You can find more information on executor.

fernetKey: You can generate fernet key online from https://fernetkeygen.com/

webserverSecretKey: You can generate webserver secret key using below python code:
python3 -c 'import secrets; print(secrets.token_hex(16))'

Step 3: Install Apache Airflow

Install Apache Airflow using helm install command, values.yaml is custom values file created in previous step:

helm install airflow apache-airflow/airflow -f values.yaml

Step 4: Verify and Post-Installation Checks

After installation, check the status of your pods:

kubectl get pods -l release=airflow

Access the Airflow web interface (usually via a LoadBalancer IP or port-forward):

kubectl port-forward svc/airflow-webserver 8080:8080

Open your browser and navigate to http://localhost:8080 to confirm that the webserver is up and running.

Conclusion

Using the Official Helm Chart for Apache Airflow on Kubernetes simplifies the deployment process while ensuring you benefit from the latest features and official support. Whether you’re a beginner or an expert, this guide covers all necessary steps, from adding the repository to customizing and verifying your deployment.

Frequently Asked Questions (FAQs)

What is the difference between the Official and Community Airflow Helm Charts?

The Official Helm Chart is maintained by the Apache Airflow team and always aligns with the latest upstream releases, while the User Community Helm Chart often includes customizations contributed by users, which might offer extended features but can sometimes lag behind official updates.

How do I customize my Apache Airflow deployment using Helm?

Customize your deployment by creating or modifying a values.yaml file.
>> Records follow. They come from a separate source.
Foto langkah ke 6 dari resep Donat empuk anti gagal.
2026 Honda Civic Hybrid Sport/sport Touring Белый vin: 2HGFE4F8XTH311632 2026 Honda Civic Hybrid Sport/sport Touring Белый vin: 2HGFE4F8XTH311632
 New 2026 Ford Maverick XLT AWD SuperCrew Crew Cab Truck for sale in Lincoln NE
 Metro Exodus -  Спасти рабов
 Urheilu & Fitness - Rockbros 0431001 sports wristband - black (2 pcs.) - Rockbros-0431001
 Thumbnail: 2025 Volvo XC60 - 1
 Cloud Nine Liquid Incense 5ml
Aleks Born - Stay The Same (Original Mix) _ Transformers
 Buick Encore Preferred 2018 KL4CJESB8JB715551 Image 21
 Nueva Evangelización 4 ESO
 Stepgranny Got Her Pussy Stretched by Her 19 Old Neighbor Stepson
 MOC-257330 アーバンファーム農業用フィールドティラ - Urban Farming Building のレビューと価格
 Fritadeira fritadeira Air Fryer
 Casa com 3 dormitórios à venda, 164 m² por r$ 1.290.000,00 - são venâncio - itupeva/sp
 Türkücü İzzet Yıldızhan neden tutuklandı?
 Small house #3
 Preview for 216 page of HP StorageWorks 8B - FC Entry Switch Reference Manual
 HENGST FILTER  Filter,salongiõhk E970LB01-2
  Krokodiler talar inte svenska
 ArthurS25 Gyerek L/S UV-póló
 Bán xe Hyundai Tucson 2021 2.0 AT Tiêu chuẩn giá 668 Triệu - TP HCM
You can adjust resource allocations, enable or disable certain components, and set configurations for the executor, database, and more.

What are the prerequisites for installing Airflow on Kubernetes?

You need a running Kubernetes cluster, Helm installed on your machine, and proper configuration of kubectl to interact with your cluster. Ensure you have the necessary access permissions and a configured environment before starting the installation.

Where can I find more detailed documentation on the Official Helm Chart for Airflow?

The detailed documentation for the Official Helm Chart is available on the Apache Airflow documentation site and the GitHub repository.